There’s a huge amount of worthwhile TV out there nowadays, so it can be hard to choose what to watch. But who better to recommend shows than the person who programs them? Dan Soles, Senior Vice President and Chief Television Officer at WTTW, constructs the WTTW schedule by searching through offerings from many different sources which include the national PBS network, the BBC, and independent filmmakers to put together a varied and engaging broadcast schedule. Each month, he’ll recommend a few shows that he thinks you should watch.
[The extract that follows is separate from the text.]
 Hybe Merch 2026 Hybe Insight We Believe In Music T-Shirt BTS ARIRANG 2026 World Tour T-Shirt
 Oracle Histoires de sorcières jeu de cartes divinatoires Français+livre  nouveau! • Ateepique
Saturday, June 1 at 9:00 pm
WTTW has never aired a Prince concert before, so this is a thrilling change. Prince is at the peak of his powers here, in a concert taped in December of 1999, and he was always such an incredible performer. You can never have enough Prince!
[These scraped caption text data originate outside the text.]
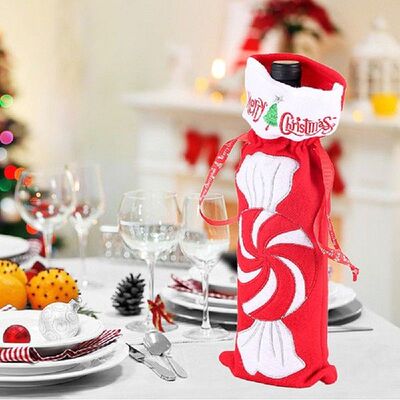 2020 Baru Bordir Selamat Natal Botol Penutup Tas 3D Permen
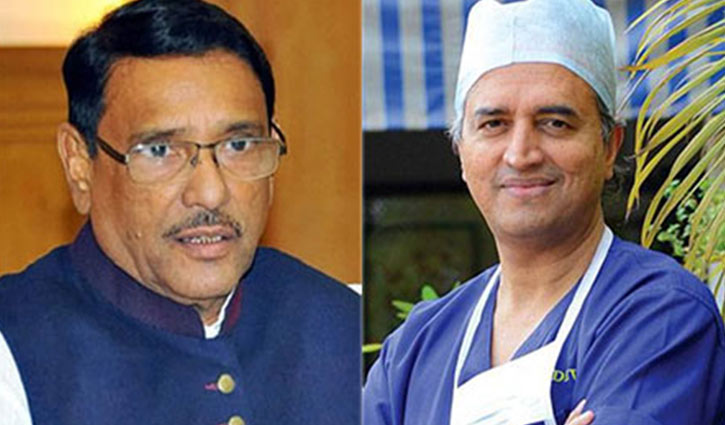 Dr Devi Shetty in Dhaka for Quader’s treatment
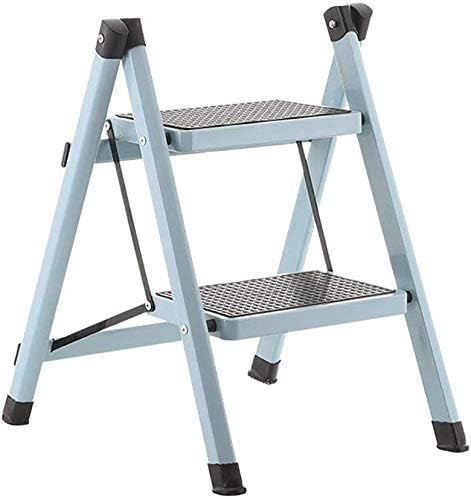 BBG Easy and Multifunction Convenient Folding Step Stool,Chair Stool 2-Step Ladder Folding Car Wash Double High Low Ladder Stool Lightweight Folding Step Stool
Sundays beginning June 16 at 8:00 pm
Your favorite cerebral detective returns with a sixth season of Endeavour, featuring a young Inspector Morse. Set in 1969, it’s a turbulent time not just in the wider world but also Morse’s narrower purview: the Oxford City Police has merged with another force, leaving Morse, Thursday, Bright, and the rest of the team separated in new roles. Plus: Morse has a mustache!
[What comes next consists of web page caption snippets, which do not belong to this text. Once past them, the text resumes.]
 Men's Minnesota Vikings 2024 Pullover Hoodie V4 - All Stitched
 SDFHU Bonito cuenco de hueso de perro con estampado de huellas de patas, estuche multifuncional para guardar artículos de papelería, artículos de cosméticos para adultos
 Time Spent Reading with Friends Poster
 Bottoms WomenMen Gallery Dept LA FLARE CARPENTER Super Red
Monday, June 17 at 9:00 pm
In 2012, a teenage girl was raped by star high school football players in the town of Steubenville, Ohio. Cellphones documented much of the horrific night, and revealed the misogynistic, violent culture of the high school team. This difficult but necessary documentary digs into the event that became a national disgrace, as well as the culture that enabled and encouraged them.
Tuesday, June 18 at 9:00 pm
You know about the Red Scare, but what about the Lavender Scare? While Joe McCarthy was persecuting suspected Communists, President Eisenhower pronounced that gay and lesbian employees of the government were a threat to American security, beginning a decades-long campaign of firing, harassment, discrimination, and stigmatization against LGBTQ people working in government. The discrimination inspired resistance, planting the seeds of LGBTQ civil rights movements. It’s a little-known chapter of history that’s important to revisit and understand.
Tuesday, June 25 at 9:00 pm
June marks the 30th anniversary of the violent response to massive pro-democracy demonstrations in China’s Tiananmen Square. In 1989, some thousands of people were killed as protesters assembled to ask for a more open China. It’s an event that most people in the West know of, but not about. As China continues to rise as a world power, look back on a defining event of its modern era.